Fast and standards compliant DNS zone parser
BSD 3-Clause "New" or "Revised" License
63 stars 11 forks source link

Review comments #161

Closed k0ekk0ek closed 5 months ago

k0ekk0ek commented 6 months ago

@wcawijngaards is reviewing main. A summary of his comments so-far:

  1. src/westmere/bits.h:37 prefix_xor references avx2 in the comment, but that is haswell.
  2. In check_sshfp_rdata, c>=n, should that not error on c==n ?
  3. compat/getopt.h:2, there is placeholder text in 'some useful comment'.
  4. include/zone/attributes.h:31 the text is duplicated at line 20, up to line 40, for has_attribute.
  5. include/zone.h:208 in some places there are 'FIXME' comments.
  6. For a compile on mingw crosscompiler, change src/generic/endian.h #if _MSC_VER to #if _WIN32 . (fixed by #168).
  7. In src/zone.c change Windows.h to windows.h. It can then also link in crosscompile.
  8. zone-bench links with -lshlwapi added, -lssp, but without compat/getopt.c that is not needed for the croscompile.
  9. src/generic/wks.h:254 That returns -1 for a failure, but in src/generic/types.h:432 it only checks for true and false. When it returns -1, the variable port is undefined.
  10. src/fallback/name.h:51 if (t != te || w >= we). If that is w>we, then it would allow length 255, and that is a length that should be allowed?
  11. src/fallback/scanner.h:36 parser->file->lines.tail[0] += *(start + 1) == '\n'; That reads one past the start pointer, but the start pointer can equal 'end', and then it is one past the allowed end. Also at src/fallback/scanner.h:64. If it then continues to parse at the next block, where is_escaped is true, then at line 85 it again compares that byte with newline and increments the line count. That would make the line count incremented one time too many. This happens if start is 'end-1' at line 36 and 64.
  12. src/fallback/scanner.h:49 parser->file->lines.tail[0] -= *end == '\n'; . This dereferences the end pointer, buf that is one past the end of the buffer, and not allowed? Also at line 73. (see comment about padded operation below)
  13. src/fallback/text.h:22 d[2] = (uint8_t)text[3] - '0'; the routines that call unescape, and also there, it does not check for the availability of the next two bytes in the buffer. After the read beyond end of buffer, it flags it as a parse error. (see comment about padded operation below)
  14. src/generic/apl.h, dereferences text without check of length. (see comment about padded operation below) (apl requires contiguous tokens, so it has a length of at least one)
  15. in src/generic/cert.h:94 The second '&' is not needed.
  16. Also the input&= is in src/generic/dnssec.h:135.
  17. src/generic/eui:43 eui_base16_dec_loop_generic_32_inner(input+12, rdata->octets+4, 1)) This calls at position 12, but s[5] is then input[17] and that is one past the end of the buffer. Also wouldn't input that is like 'xx+xx+xx-xx-xx-xx' and with dash at 0, cause the comparison to do 0^0^0, is 0 and not fail to reject the invalid syntax.
  18. src/generic/parser.h:274 fread fills complete buffer while variable was just increased to previous + ZONE_WINDOW_SIZE, probably an error.
  19. build of tests gives a warning: tests/include.c:79 warning: the use of tempnam' is dangerous, better use 'mkstemp'. Unbound uses snprintf(buf, sizeof(buf), "/tmp/unbound.unittest.%u.%d", (unsigned)getpid(), i);, which compiles without warnings. Code checkers will fall over this, again and again. It is therefore preferred not to use these kinds of functions.
  20. No error is printed when the $INCLUDE directive references a non-existing file(?)
lemire commented 6 months ago

The buffer overflows should be trivially detected by compiling with address sanitizers, which you can do in CI. We do it for simdjson and other projects of mine.

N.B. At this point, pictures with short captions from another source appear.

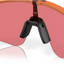 Oakley Sutro Lite Sweep- Matte Ginger Prizm Trail Torch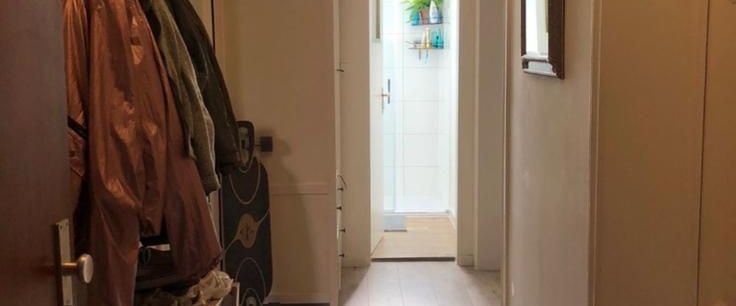 Gemütliche 3-Zimmerwohnung in Hannover-Nordstadt - Photo 1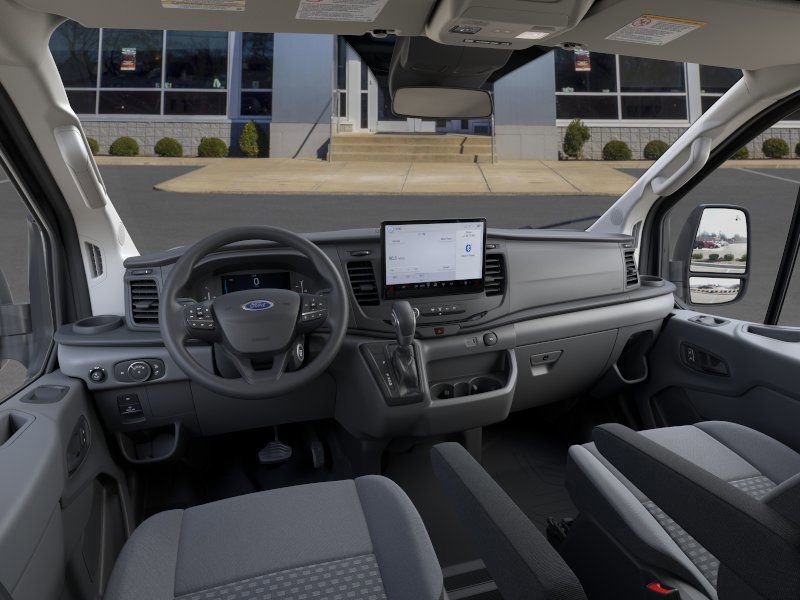 New 2026 Ford Transit 150 Low Roof AWD image 9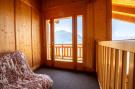 VakantiehuisZwitserland - : Tschoueilles 014 MOUNTAIN &amp; VIEW - chalet 12 p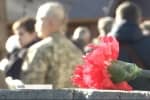 Панахида й тиха акція "Ангели пам'яті": в Києві згадали загиблих героїв Революції Гідності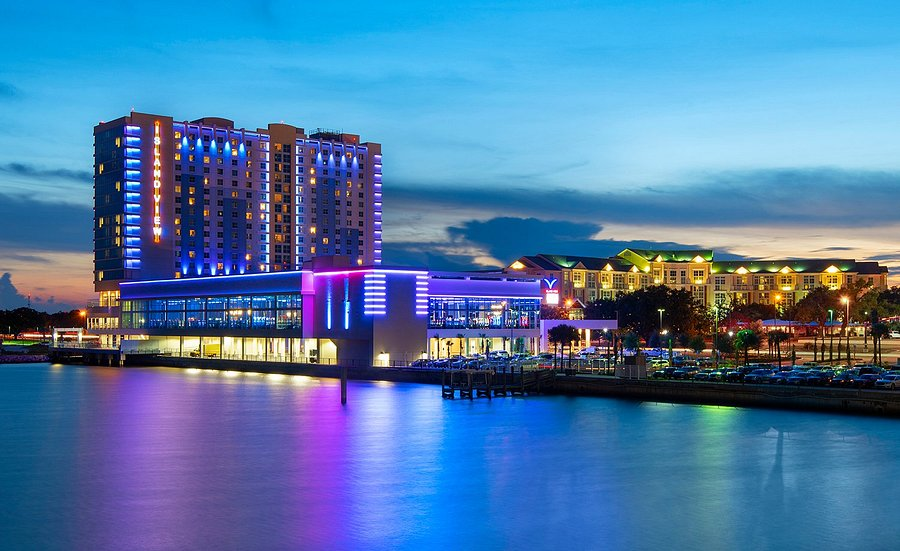 Hotels
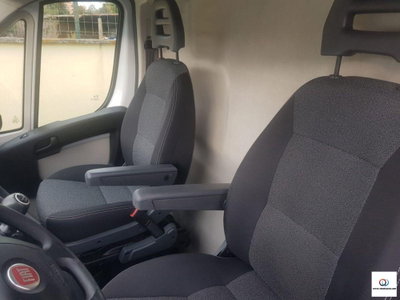Fiat Ducato Furgone 35 2.3 MJT 130CV PLM-SL-TA Maxi (16)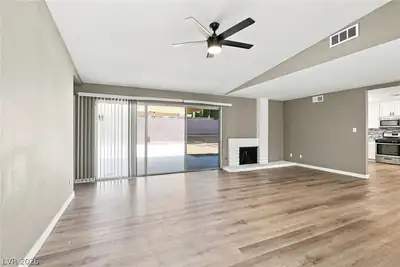 4005 Ridgewood Avenue, Las Vegas, NV 89120 Living Room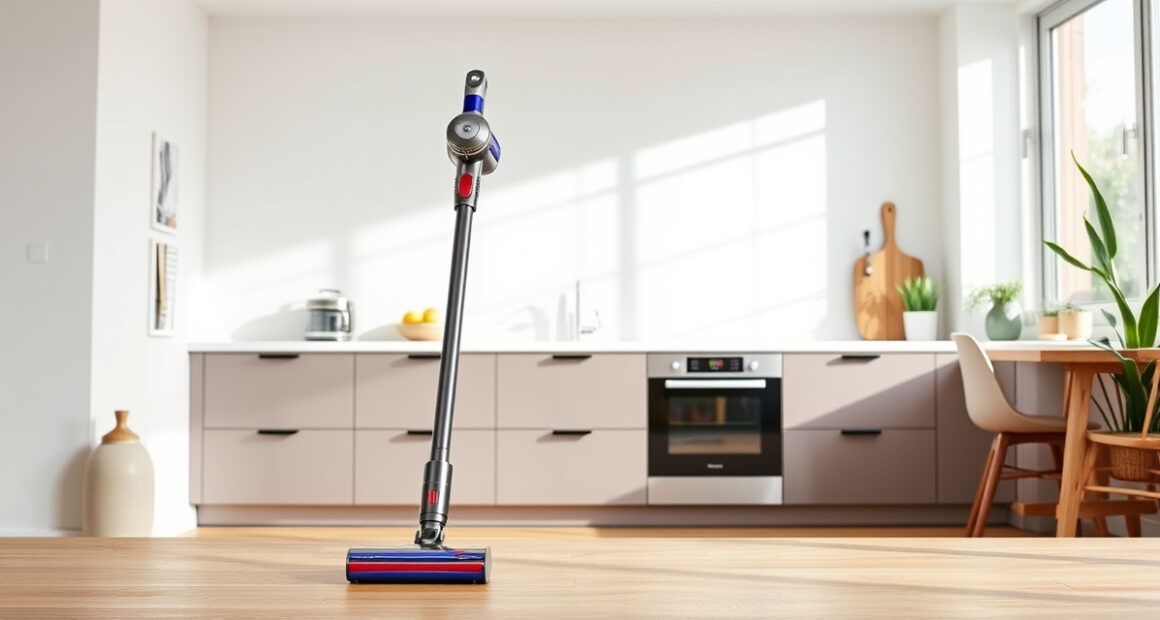 Is the Dyson Outsize Worth It? Honest Review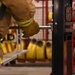 Firefighters conduct rapid intervention training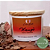 VELA AROMÁTICA 100G - XANGÔ - CEDRO E ESPECIARIAS - Imagem 1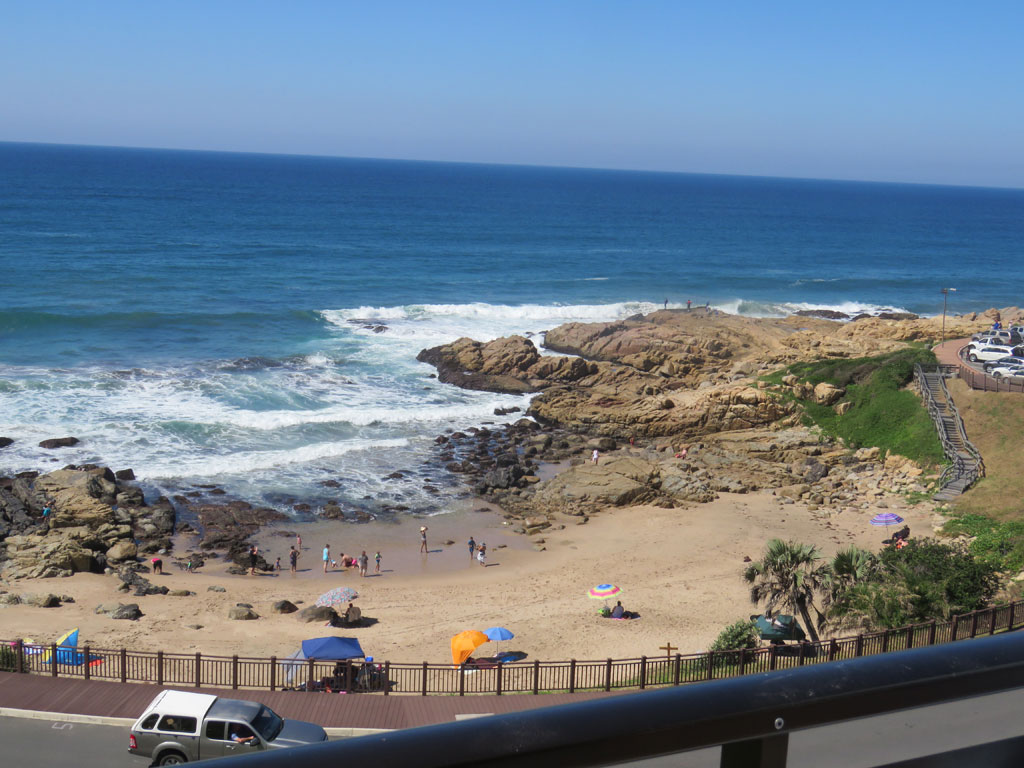 Self Catering Apartment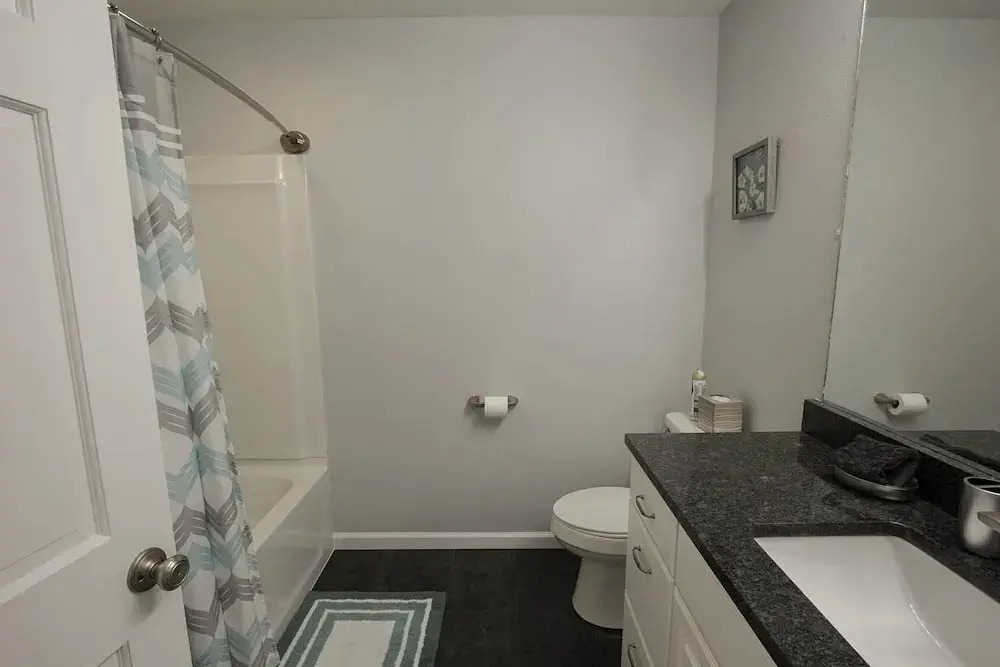Eagles Landing 2 3 Bedroom Duplex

k0ekk0ek commented 6 months ago

A comment by a colleague to look into.

Something that is maybe hard to find, but now that I'm looking at the hex and b64 encoders, is that the "0" string may be used to denote a a zero length rdata field. For the NSEC3 salt that's - for the zero length salt field. This is possibly something from dnssec-bis-updates

k0ekk0ek commented 6 months ago

Support for enabling sanitizers was already available in the CMakeLists.txt. I've enabled it in #166.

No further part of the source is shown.